There were a lot of progressives who got out and voted for Hillary, no doubt, and certainly no one demographic is exclusively to blame for Trump's victory. That being said, disenfranchising millennial progressives from the Democratic Party at this point in time would be a big mistake. Hillary and company were very centrist in my opinion. That's all well and good for the establishment Democrats, but it didn't work on election day. There is no questioning the fact that large numbers of Sanders' supporters either voted for third party candidates this past November, or they didn't vote at all.
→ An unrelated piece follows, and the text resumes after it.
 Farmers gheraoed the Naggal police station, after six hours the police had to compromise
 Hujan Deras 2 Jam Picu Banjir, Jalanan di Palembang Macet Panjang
We can't let that happen again.


----------



## ehanes7612 (Feb 28, 2017)

The women's March, the judiciary response , the steadfast media responding to trump, people coming out of the woodwork to fight trump... these actions will defeat the apathy that I feel was the biggest reason why Trump won.. we all need to know who our allies are... makes resistance not meaningful and effective


----------



## Lanmark (Feb 28, 2017)

I agree all of these things help defeat apathy. I just know what I have heard loud and clear several times: a lot of millennials and Sanders supporters felt marginalized when Perez was chosen to lead the Democratic Party. I hope that feeling won't last. If we refuse to listen to their concerns or recognize their point of view, though, no doubt they have, in fact, already been marginalized.


----------



## ehanes7612 (Feb 28, 2017)

I agree ... we have a lot of work ahead of us


----------



## abax (Feb 28, 2017)

Eric, I hadn't considered Booker, but he'd be an excellent
candidate. Do you think he's considered running? Will
he be old enough by 2020? I think Ellison might also be
a good potential candidate to counter Dump's anti-Muslim
blather.


----------



## ehanes7612 (Feb 28, 2017)

Corey Booker is 47 ...same age as Obama when he took office in 2008..he will run for sure and he will probably get the nomination. He's already been asked and he skirts the question ...no one will commit to running now..and that's probably a smart thing..gotta wait till after the next round of elections in 2018


----------



## NYEric (Feb 28, 2017)

He will definitely be a potential candidate.


----------



## Lanmark (Feb 28, 2017)

Booker would make an outstanding President.


----------



## abax (Mar 1, 2017)

I'd like to see a female president, but Warren has antagonized too many main streamers and I can't think
of anyone else at the moment. Any ideas? Not Clinton...
I don't think she's such a glutton for punishment. I was
always hopeful for Barbara Jordan some years ago, but
she died unexpectedly and broke my heart.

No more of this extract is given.